At the risk of repeating myself on this subject (since 2002, when the first edition of FM was released), I would like to point out here (again) that FM and OTM subset the OT Layout features (stored in a file like for instance this one) based on the characters available in the font.

FEB

Igor Freiberger's picture

Frank, I'm sorry for the omission. As I never used DTL FontMaster, I am unfamiliar with its features so I usually do not to mention it. But I think your repetition is –and will be– always welcome, especially considering the elegant procedure you pointed.

Thomas Phinney's picture

"We've have trouble with this issue. Take a font where the lining numbers are not the deault -- that is, don't have any Unicode number. If they are not hooked up to the numbers with a feature -- say lnum, they wind up with the name NULL in the InDesign pallet."

Yes, that's right. InDesign uses the Unicode value, or the Unicode value plus the features, required to access the glyph via the glyph panel. If the glyph is unencoded AND not accessible via OpenType features, then InDesign stores just the glyph ID.
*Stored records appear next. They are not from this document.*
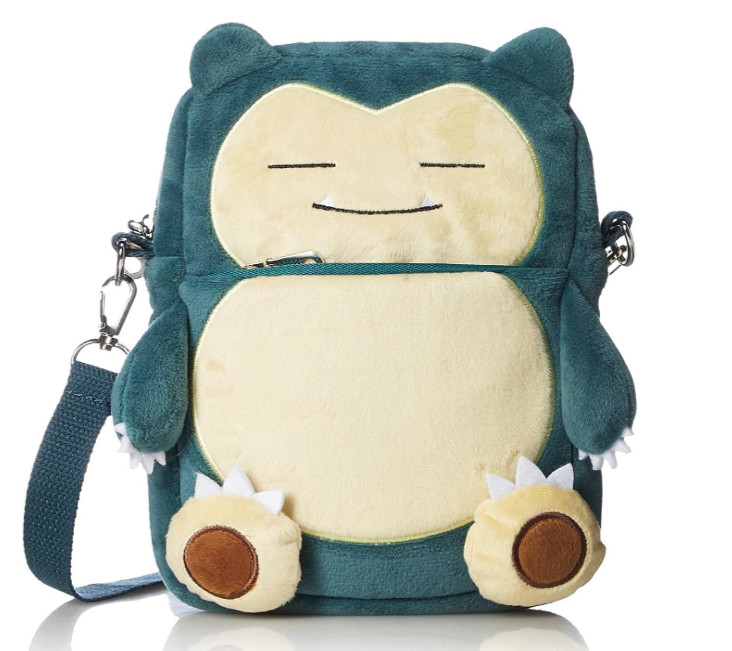 Pokemon Snorlax Plush Pochette Shoulder Bag Pocket Pouch Character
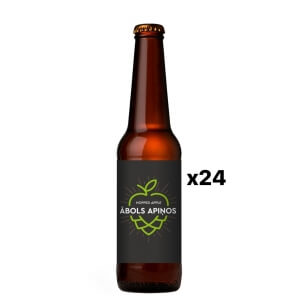 Abavas Hopped Apple Cider 7.5% 24x33cl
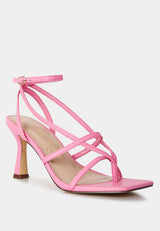 stalker strappy ankle strap sandals by London Rag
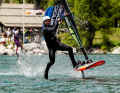 The best pictures from the "Best of 3" Foil Freestyle Event at Lake Silvaplana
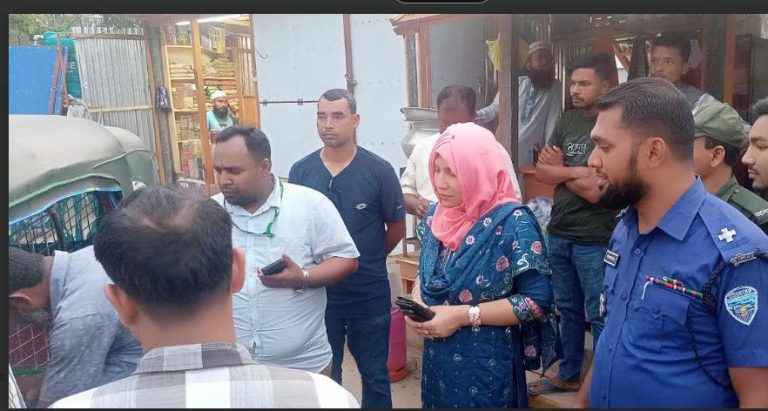ব্রাহ্মণপাড়ায় বিভিন্ন যানবাহনে ভ্রাম্যমান আদালতের মাধ্যমে জরিমানা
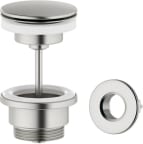 Pohjaventtiili Damixa harjattu teräs 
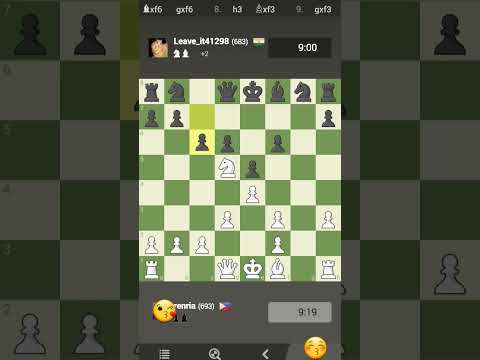 India 🇮🇳 vs Philippines 🇵🇭 #chess #chessgame #chesscom #checkmate #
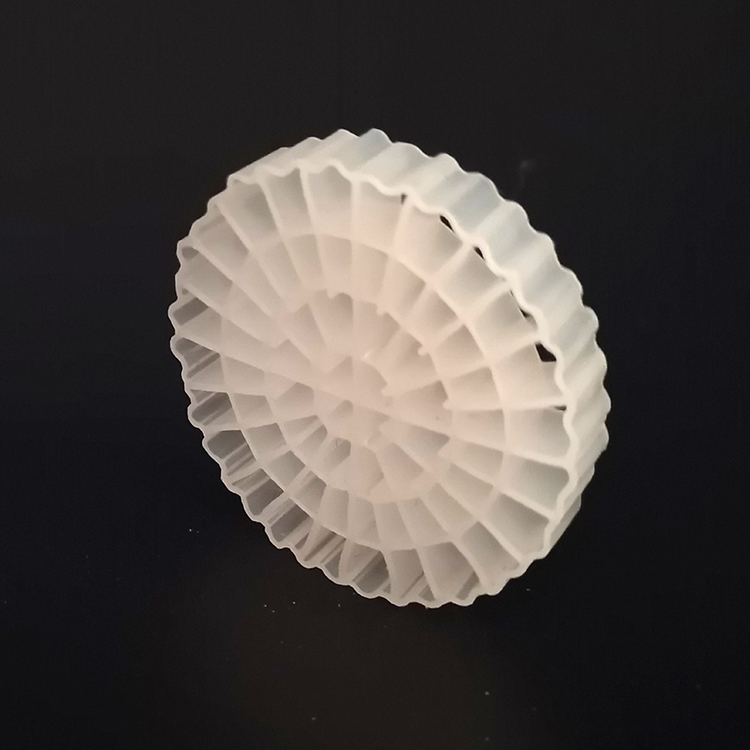 Biocell Filter Media, MBBR Settling Packing, Koi Pond Filter Media Wastewater Treatment 10 Year Virgin PE 1m3 95-150 Kg/ 7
Of course, that's not consistent across unrelated fonts, and unless the designer takes care, it may even change across different builds of the same font. But then, what would one expect?

charles ellertson's picture

Of course, that's not consistent across unrelated fonts, and unless the designer takes care, it may even change across different builds of the same font.

Or, if someone exports a pfd of a 4-color book jacket, & sends that off to a printer, guess how all the nulls will likely wind up...

I could make an argument, based on the level of knowledge one might reasonably expect amongst InDesign users -- e.g., think graphic artists who design book jackets -- that no null characters show up in the glyph pallet. That way, they're not tempted. I'm aware an opposite argument could be made.

Before you call that "user error," where is anyone without those graphic artists who don't want, and don't think they should have to, understand the bowels of OpenType?

It has to be on the people who offer type products. Perhaps we need yet another distinction, between "type designer" and "font designer," remembering it is the font that gets sold under license.

Thomas Phinney's picture

> Or, if someone exports a pfd of a 4-color book jacket, & sends that off to a printer, guess how all the nulls will likely wind up...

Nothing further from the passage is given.